**Task item**
The output should consist solely of the line containing "Lakmé (Highlights) (LP)" and the lines that follow it through the end of the data below.

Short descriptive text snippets
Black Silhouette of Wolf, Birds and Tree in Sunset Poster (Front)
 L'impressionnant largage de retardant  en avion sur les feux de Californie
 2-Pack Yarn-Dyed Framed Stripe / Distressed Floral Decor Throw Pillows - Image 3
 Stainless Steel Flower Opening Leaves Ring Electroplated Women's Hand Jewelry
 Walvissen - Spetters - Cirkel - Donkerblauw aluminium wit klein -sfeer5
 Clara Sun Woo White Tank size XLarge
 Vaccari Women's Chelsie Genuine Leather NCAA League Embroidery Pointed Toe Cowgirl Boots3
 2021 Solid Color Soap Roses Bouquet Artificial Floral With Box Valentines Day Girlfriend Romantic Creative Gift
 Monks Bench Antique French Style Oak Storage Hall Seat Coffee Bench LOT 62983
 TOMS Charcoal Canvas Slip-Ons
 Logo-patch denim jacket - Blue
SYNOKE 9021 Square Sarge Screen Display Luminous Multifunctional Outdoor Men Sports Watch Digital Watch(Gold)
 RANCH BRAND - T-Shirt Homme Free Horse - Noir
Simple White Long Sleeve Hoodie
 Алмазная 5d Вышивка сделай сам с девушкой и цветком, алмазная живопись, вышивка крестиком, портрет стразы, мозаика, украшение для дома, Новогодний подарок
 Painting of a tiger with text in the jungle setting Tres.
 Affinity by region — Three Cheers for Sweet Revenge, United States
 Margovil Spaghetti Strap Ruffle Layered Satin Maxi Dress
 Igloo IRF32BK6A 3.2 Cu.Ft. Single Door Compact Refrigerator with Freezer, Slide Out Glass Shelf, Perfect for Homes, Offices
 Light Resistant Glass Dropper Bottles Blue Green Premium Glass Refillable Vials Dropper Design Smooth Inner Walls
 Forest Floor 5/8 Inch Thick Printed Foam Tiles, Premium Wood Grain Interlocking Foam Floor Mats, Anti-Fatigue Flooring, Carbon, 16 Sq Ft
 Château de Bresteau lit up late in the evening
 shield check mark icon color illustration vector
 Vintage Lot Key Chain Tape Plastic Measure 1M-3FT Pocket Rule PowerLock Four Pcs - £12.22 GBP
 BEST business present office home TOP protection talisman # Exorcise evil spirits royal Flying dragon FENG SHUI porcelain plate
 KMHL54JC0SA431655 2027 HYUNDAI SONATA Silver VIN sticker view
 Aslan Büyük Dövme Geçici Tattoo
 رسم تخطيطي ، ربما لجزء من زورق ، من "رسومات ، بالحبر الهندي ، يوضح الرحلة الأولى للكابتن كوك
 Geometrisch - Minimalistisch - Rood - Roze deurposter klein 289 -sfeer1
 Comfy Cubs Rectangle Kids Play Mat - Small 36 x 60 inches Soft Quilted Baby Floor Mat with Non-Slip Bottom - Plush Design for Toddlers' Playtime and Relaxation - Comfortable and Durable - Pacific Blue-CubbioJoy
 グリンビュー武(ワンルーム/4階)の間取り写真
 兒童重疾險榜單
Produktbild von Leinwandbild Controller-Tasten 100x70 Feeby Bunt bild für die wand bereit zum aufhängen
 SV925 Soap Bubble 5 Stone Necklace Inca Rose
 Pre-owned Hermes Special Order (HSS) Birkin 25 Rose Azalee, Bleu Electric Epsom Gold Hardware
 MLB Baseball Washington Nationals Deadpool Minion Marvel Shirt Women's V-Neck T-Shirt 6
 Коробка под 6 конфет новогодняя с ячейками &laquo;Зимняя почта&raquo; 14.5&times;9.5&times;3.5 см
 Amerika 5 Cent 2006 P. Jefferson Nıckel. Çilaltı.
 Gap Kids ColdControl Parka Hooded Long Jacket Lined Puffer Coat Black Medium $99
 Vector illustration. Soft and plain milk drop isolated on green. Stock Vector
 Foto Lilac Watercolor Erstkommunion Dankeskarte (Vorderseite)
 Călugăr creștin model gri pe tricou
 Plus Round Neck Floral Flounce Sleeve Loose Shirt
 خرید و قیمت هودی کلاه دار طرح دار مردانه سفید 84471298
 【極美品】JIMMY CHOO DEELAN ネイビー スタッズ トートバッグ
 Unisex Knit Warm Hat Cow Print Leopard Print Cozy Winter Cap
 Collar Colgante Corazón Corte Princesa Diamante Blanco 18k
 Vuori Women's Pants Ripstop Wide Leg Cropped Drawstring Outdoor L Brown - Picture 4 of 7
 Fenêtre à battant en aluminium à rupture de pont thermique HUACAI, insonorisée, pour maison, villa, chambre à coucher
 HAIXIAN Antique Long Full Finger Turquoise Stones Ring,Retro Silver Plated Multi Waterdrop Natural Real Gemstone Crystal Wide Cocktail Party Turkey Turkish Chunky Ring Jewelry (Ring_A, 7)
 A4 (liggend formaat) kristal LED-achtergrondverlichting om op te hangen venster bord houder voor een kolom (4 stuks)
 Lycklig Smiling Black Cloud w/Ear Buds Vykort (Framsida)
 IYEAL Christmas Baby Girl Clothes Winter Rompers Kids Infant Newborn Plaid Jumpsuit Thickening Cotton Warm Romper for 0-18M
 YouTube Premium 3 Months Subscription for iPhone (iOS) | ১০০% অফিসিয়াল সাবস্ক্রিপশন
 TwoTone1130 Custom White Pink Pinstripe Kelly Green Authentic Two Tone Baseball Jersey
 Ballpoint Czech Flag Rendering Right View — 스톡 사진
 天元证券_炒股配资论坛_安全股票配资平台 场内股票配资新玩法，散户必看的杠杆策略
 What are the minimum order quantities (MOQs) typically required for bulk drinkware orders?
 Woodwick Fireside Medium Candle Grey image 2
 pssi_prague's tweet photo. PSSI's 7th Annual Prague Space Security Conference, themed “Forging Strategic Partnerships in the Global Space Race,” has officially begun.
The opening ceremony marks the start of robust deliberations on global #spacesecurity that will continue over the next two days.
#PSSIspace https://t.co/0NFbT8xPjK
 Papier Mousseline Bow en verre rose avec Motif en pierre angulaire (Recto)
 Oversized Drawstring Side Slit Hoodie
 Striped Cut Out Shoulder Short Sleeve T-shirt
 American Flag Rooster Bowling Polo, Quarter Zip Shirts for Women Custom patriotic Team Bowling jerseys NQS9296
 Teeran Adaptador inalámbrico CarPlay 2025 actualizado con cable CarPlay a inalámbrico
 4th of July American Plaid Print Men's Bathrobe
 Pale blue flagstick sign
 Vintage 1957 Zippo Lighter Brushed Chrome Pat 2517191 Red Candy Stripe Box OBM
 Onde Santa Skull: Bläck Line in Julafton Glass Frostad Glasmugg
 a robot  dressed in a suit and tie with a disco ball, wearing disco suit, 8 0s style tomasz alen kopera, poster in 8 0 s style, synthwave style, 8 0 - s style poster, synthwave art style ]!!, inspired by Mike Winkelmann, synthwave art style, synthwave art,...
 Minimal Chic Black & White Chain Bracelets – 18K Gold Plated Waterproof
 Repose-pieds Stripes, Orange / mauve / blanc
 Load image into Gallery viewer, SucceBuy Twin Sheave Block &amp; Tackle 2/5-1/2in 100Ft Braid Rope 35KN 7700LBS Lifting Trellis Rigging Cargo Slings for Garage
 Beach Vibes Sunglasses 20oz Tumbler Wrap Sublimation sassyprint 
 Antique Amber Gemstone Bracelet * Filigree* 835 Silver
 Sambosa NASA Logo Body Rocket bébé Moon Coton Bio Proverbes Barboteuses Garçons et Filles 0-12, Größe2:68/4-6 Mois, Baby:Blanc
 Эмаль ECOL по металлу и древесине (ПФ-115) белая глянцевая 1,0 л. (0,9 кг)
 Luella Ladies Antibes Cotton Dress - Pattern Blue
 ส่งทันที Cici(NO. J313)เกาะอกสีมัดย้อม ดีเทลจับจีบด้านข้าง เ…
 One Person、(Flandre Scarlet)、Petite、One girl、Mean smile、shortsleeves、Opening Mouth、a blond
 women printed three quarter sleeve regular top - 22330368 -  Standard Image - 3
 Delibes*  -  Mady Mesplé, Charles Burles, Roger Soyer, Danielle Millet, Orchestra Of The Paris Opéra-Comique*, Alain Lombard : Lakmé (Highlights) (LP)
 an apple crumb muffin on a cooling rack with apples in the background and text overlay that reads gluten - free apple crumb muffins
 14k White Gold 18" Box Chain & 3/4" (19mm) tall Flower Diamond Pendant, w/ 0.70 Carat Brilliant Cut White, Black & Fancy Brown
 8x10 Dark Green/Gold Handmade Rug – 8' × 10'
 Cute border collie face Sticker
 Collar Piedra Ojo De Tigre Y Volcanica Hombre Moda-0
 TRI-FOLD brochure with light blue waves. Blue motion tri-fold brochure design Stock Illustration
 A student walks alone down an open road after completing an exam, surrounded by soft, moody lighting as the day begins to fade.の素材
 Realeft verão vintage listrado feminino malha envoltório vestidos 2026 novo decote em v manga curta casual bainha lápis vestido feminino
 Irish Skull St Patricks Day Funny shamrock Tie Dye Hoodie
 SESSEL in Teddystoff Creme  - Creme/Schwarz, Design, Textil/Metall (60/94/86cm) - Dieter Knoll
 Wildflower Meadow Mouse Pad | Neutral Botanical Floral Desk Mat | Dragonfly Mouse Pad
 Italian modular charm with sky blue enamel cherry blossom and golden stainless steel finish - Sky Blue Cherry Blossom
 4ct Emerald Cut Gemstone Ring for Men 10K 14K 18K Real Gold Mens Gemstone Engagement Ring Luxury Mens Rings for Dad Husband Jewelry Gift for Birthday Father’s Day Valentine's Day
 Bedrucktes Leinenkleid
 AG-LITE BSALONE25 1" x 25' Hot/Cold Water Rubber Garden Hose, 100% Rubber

**Expected answer**
 Delibes*  -  Mady Mesplé, Charles Burles, Roger Soyer, Danielle Millet, Orchestra Of The Paris Opéra-Comique*, Alain Lombard : Lakmé (Highlights) (LP)
 an apple crumb muffin on a cooling rack with apples in the background and text overlay that reads gluten - free apple crumb muffins
 14k White Gold 18" Box Chain & 3/4" (19mm) tall Flower Diamond Pendant, w/ 0.70 Carat Brilliant Cut White, Black & Fancy Brown
 8x10 Dark Green/Gold Handmade Rug – 8' × 10'
 Cute border collie face Sticker
 Collar Piedra Ojo De Tigre Y Volcanica Hombre Moda-0
 TRI-FOLD brochure with light blue waves. Blue motion tri-fold brochure design Stock Illustration
 A student walks alone down an open road after completing an exam, surrounded by soft, moody lighting as the day begins to fade.の素材
 Realeft verão vintage listrado feminino malha envoltório vestidos 2026 novo decote em v manga curta casual bainha lápis vestido feminino
 Irish Skull St Patricks Day Funny shamrock Tie Dye Hoodie
 SESSEL in Teddystoff Creme  - Creme/Schwarz, Design, Textil/Metall (60/94/86cm) - Dieter Knoll
 Wildflower Meadow Mouse Pad | Neutral Botanical Floral Desk Mat | Dragonfly Mouse Pad
 Italian modular charm with sky blue enamel cherry blossom and golden stainless steel finish - Sky Blue Cherry Blossom
 4ct Emerald Cut Gemstone Ring for Men 10K 14K 18K Real Gold Mens Gemstone Engagement Ring Luxury Mens Rings for Dad Husband Jewelry Gift for Birthday Father’s Day Valentine's Day
 Bedrucktes Leinenkleid
 AG-LITE BSALONE25 1" x 25' Hot/Cold Water Rubber Garden Hose, 100% Rubber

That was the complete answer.